EU aviation emissions forecast to almost double by 2035

Nitrogen oxide (NOx) emissions from planes in Europe are expected to increase by 43% over the next 20 years, according to a new European Union study.

Heathrow airport is one European airport currently in the running for expansion (photo: EQRoy /

Heathrow airport is one European airport currently in the running for expansion (photo: EQRoy /

The European Environment Agency’s (EEA) first aviation environmental report, published last week (January 29), claims that NOx emission from Europe’s aviation sector doubled between 1990 and 2014, and they are expected to grow by a further 43% between 2014 and 2035.

This growth in emissions from the sector is in part due to the 80% increase in the number of flights since 1990, which is also expected to continue increasing by another 45% by 2035.

Indeed, by 2035 the EEA estimates that in the absence of continuing efforts, 20 major EU airports could face “significant” and related environmental impacts due to air traffic growth.

It comes as the government carries out further assessment on the potential air quality and environmental impacts of expanding UK airport capacity at either Heathrow or Gatwick, with its final decision on the issue delayed until later this year (see story).


While the EEA report concedes that today’s aircraft are quieter and produce fewer emissions than their equivalents 30 years’ ago, it argues that plane fleets in Europe are “slowly ageing”, with the rate of technological improvement failing to keep pace with the historic growth in demand for air travel.
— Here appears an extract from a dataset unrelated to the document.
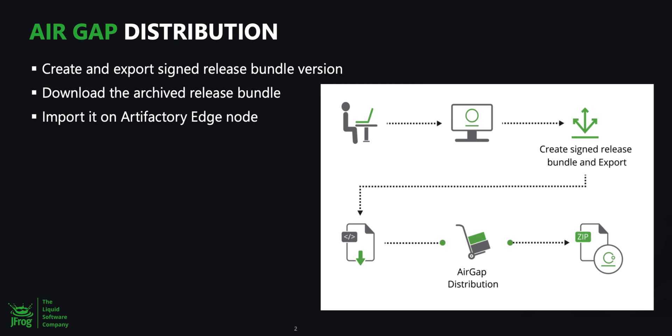In this video, we'll take a look at how JFrog Distribution enables secure distribution of your immutable and signed release bundles to remote artifactory or edge nodes within an air-gapped network isolated environment.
The limited success in developing alternative, lower-emission plane fuels is highlights as just one example of this.

Future growth in the European aviation sector is therefore “inextricably linked to its environmental sustainability”, according to the EEA, which believes that the environmental challenge for the aviation sector is set to increase further.


The EEA said it does expect technological improvements, further work on alternative fuels and additional stricter standards aimed at curbing aviation emissions of particulate matter and CO2 emissions in the near future.

Nevertheless, the report – which also looks at the impact of the aviation sector on CO2 and climate change – calls for a “comprehensive and effective” package of measures to address the environmental challenge based on reliable, accessible information.

EEA executive director, Hans Bruyninckx, said: “It is clear that Europe’s aviation sector has an increasing impact on our health and environment. While aviation plays an important economic and social role, its increasing popularity will lead to higher greenhouse gas emissions, air pollution and noise. These are key challenges Europe’s aviation experts and policy makers need to address to create a more sustainable sector.”

The report is the result of a close collaboration between the European Commission, the European Aviation Safety Agency (EASA) the European Environment Agency (EEA) and Eurocontrol. It is intended that the document will become a regular overview of the aviation sector in order to plan suitable policy making measures.